And so it went for 6 amazing days. 14 hours a day. Here were some of the great moments:
Michel Gondry’s “The Thorn in the Heart”
A slow, subtle documentary about Michel Gondry’s elderly Aunt Suzette, who taught in schools around France over 50-60 years. The film follows her as she visits the sites of her former schools and provides commentary as she remembers different eras, communities and students. “Why would I be interested?” you think. One: it’s Michel Gondry, something really amazing is going to happen. So indeed, along the way, we’re introduced to her son, Jean Yves. And it is the story of the relationship between Suzette and her son (now in his 50s) that emerges slowly and becomes the gripping, poignant and unforgettable center of the film. Complete with actual Super-8 footage from home videos this is a treat of a documentary – Gondry in Q&A after said that he used to think hanging out with Bjork and her friends meant he was finally surrounded by interesting people, when he rediscovered that the people in his own family were as, if not more, interesting.
Steven Soderbergh’s “And Everything is Going Fine”

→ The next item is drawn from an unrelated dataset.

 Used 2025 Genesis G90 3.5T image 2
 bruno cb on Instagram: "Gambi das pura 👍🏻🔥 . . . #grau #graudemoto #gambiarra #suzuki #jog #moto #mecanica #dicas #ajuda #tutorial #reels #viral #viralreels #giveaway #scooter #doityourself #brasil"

I left the film with that blissful, wordless feeling. The feeling when you can’t talk for a while after you leave the theater because you’re overwhelmed and overflowing and so impressed and so in it still. Spalding Gray is fascinating to watch as a performance artist. If the film were just cobbled together footage of his monologues, it would have been completely satisfying. But through Soderbergh’s directing and Susan Littenberg’s editing virtuosity, we are lead through the story of Gray’s life chronologically by major life event BUT via monologues and interviews from any point in his life when he’s referring to that particular incident. What you get is a mosaic of a journey, semi linear, semi circular where the themes of Gray’s childhood, his mother’s suicide, his sexuality, adultery, fatherhood, death all blend into and yet lead off from each other.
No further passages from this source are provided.